• [MATERIAL FOR THE TASK]:
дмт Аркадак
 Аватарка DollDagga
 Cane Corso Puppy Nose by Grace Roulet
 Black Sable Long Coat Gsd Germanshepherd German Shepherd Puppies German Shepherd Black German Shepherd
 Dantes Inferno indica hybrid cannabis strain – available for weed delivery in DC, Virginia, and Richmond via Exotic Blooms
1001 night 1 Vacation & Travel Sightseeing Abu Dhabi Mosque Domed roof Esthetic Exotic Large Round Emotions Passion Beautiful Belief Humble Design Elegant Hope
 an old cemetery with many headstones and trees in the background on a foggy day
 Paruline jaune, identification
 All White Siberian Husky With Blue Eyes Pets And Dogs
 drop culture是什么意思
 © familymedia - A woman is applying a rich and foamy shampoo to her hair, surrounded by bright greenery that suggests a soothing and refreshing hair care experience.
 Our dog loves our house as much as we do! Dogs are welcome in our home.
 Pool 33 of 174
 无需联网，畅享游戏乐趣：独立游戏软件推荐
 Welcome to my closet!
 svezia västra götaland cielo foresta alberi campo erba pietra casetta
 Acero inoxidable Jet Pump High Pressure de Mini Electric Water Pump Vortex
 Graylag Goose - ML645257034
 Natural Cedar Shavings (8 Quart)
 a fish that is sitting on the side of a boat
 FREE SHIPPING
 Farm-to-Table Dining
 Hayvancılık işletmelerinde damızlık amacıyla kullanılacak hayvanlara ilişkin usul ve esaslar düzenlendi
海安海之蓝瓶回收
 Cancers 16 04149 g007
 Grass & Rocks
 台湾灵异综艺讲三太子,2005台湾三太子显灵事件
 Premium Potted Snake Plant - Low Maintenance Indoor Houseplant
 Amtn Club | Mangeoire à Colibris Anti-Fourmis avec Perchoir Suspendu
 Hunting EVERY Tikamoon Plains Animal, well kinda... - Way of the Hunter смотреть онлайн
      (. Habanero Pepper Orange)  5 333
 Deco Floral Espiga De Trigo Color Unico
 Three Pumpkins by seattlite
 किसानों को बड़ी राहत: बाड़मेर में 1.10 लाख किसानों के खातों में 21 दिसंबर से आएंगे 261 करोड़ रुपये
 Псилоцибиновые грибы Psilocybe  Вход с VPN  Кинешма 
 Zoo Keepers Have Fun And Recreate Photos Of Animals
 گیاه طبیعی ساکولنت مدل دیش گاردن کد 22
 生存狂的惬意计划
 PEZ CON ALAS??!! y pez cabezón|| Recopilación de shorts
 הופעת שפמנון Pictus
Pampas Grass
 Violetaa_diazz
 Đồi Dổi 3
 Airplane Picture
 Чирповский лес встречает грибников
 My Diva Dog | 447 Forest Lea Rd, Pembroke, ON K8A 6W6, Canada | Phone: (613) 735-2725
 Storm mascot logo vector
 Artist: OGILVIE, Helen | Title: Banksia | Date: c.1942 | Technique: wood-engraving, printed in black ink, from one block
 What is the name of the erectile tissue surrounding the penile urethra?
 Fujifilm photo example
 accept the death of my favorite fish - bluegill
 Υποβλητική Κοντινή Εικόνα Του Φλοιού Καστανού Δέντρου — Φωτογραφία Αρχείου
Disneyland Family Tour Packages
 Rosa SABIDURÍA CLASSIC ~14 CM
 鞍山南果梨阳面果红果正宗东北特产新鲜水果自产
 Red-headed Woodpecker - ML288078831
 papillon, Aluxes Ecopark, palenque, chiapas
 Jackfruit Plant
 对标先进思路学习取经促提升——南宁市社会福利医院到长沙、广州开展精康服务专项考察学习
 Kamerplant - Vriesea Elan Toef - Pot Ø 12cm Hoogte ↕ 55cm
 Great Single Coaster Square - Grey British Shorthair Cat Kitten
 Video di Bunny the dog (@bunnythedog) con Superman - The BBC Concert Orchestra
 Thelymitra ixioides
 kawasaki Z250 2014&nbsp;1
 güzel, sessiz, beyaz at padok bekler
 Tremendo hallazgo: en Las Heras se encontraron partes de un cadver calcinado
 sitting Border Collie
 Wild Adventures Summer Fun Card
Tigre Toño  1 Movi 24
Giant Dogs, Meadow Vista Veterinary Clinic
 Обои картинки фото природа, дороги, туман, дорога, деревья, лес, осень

• [TASK STATEMENT]:
Copy each line of the material where "fish" is found.

• [REPLY TO THE TASK]:
 a fish that is sitting on the side of a boat
 accept the death of my favorite fish - bluegill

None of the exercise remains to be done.